At last I can say that I've been to a Proms concert at the Royal Albert Hall! It's another of those things I've been saying for years that I really want to do, and for whatever reason have never got round to it. Well, this year, in the spirit of enjoying more different experiences, I booked tickets to a Thursday evening concert for me and Mum, not knowing any of the pieces on the programme, and off we went.
The BBC Proms run every summer between July and September to showcase classical music in all its many and varied forms, from early sonatas, choral epics, rousing symphonies, early and modern jazz, West End and Broadway show tunes, to brand new commissions. Orchestras and groups from around the world are invited to perform at the Royal Albert Hall, and have now extended to a few smaller venues too, and the whole summer culminates in the Last Night of the Proms in September - this is British pageantry and patriotism at its best!
I haven't been to the Albert Hall for years, since a visit with school, so it was wonderful to re-experience the space again as if for the first time.

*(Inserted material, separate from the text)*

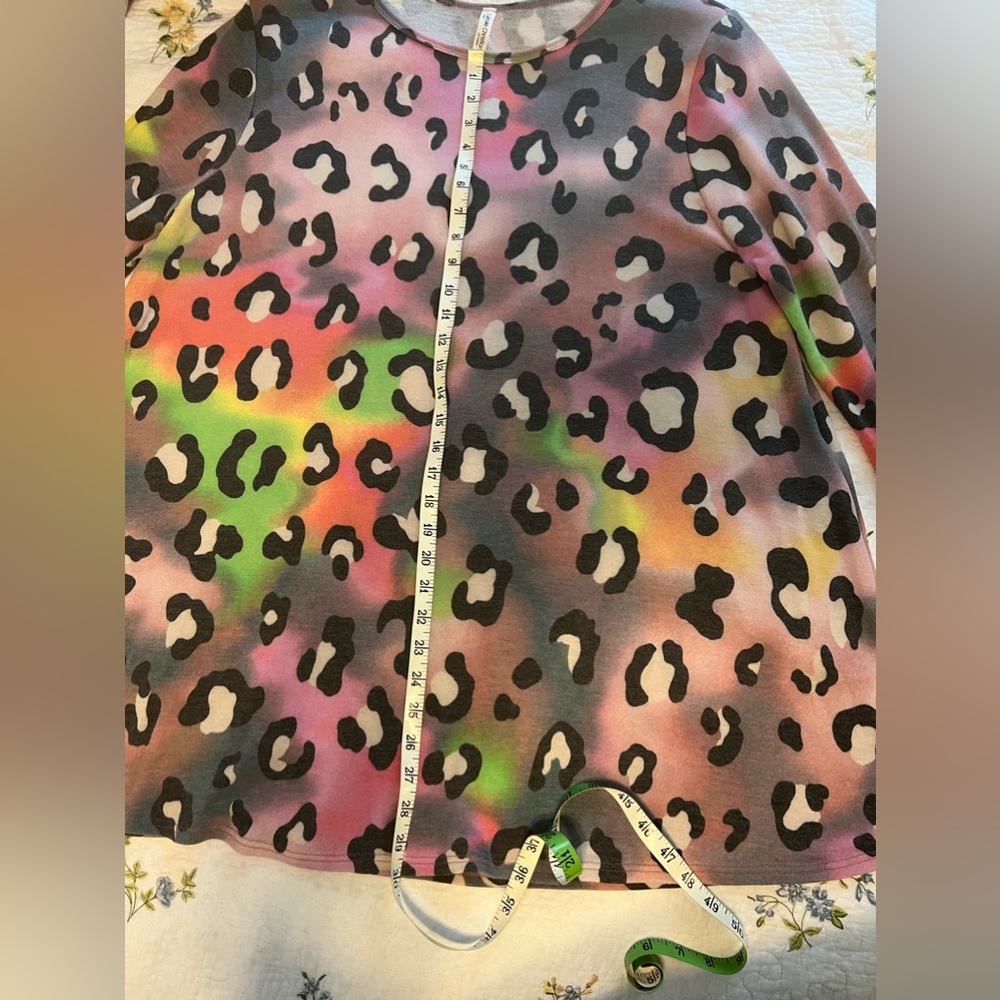 Multicolored Leopard Print Jumper, Long Sleeve, R… - image 4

Surprisingly, it feels much smaller and more intimate in real life than it looks on television - where a high and wide camera angle often expands the space - but the grandeur of the hall is not diminished at all, with the high galleries and ceiling, the huge organ, and a stage set for a full symphony orchestra.
We had got seats in the tiered stalls, but actually looking around, there seemed to be very few spots where you wouldn't have had a good clear view, and in any case, the acoustic is incredible so there is absolutely no chance of you missing even the most quietly played note.

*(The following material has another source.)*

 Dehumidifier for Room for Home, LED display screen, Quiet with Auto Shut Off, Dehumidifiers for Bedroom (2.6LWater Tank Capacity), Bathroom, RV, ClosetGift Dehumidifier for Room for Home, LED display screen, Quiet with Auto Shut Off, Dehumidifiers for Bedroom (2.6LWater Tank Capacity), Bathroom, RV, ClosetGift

It has to be said that the ceiling is one of the most eye-catching features, the suspended 'mushrooms' casting a purpley-blue light but there for the serious purpose of bouncing the sound efficiently throughout the space.

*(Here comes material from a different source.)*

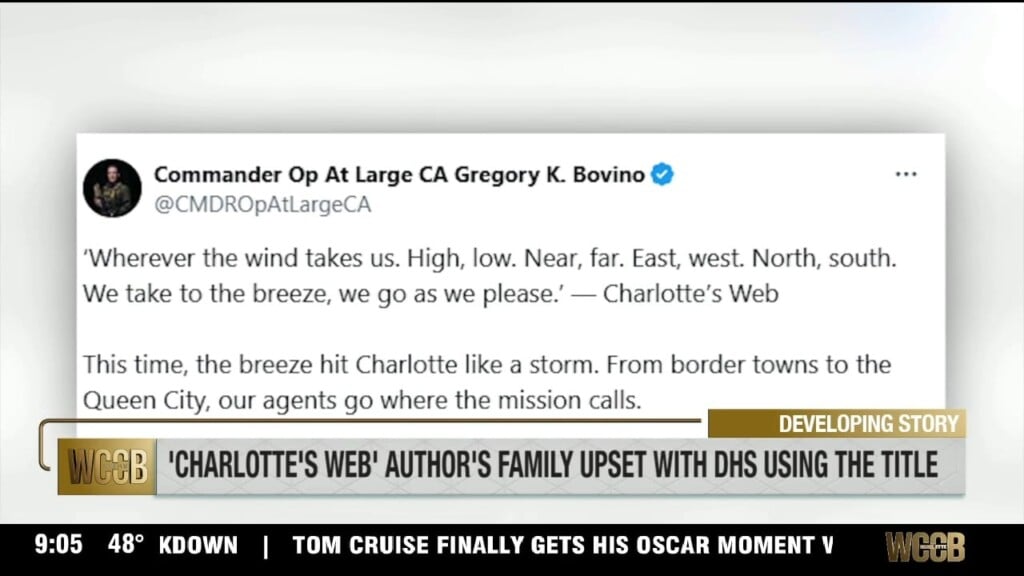 E.b. White's Family Upset With Dhs For Using Book Title As Part Of 'operation Charlotte's Web' Immigration Crackdown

The concert programme featured the BBC National Orchestra of Wales playing a dance suite by Bartok, a newly commissioned violin concerto by Malcolm Hayes and Dvorak's 7th symphony. The Dvorak was my favourite - I have to say I'm not a huge fan of modern orchestral music as I find it can be quite discordant, though I realise this is often the effect the composer aims for in experimenting and pushing musical boundaries, so although I can appreciate the technical virtuosity of the Hayes concerto, I wouldn't rush to listen to it again. With the Dvorak however, there really is nothing like the sensory bombardment of a symphony orchestra in full flow and at full volume. Every part perfectly showcased, each instrument identifiable, the changing tempo sweeping you along, and the overall effect making the hairs on the back of your neck stand on end.
I had a truly wonderful evening, and with twilight deepening as we left, the building looked magnificent lit up, standing proud, a temple of music.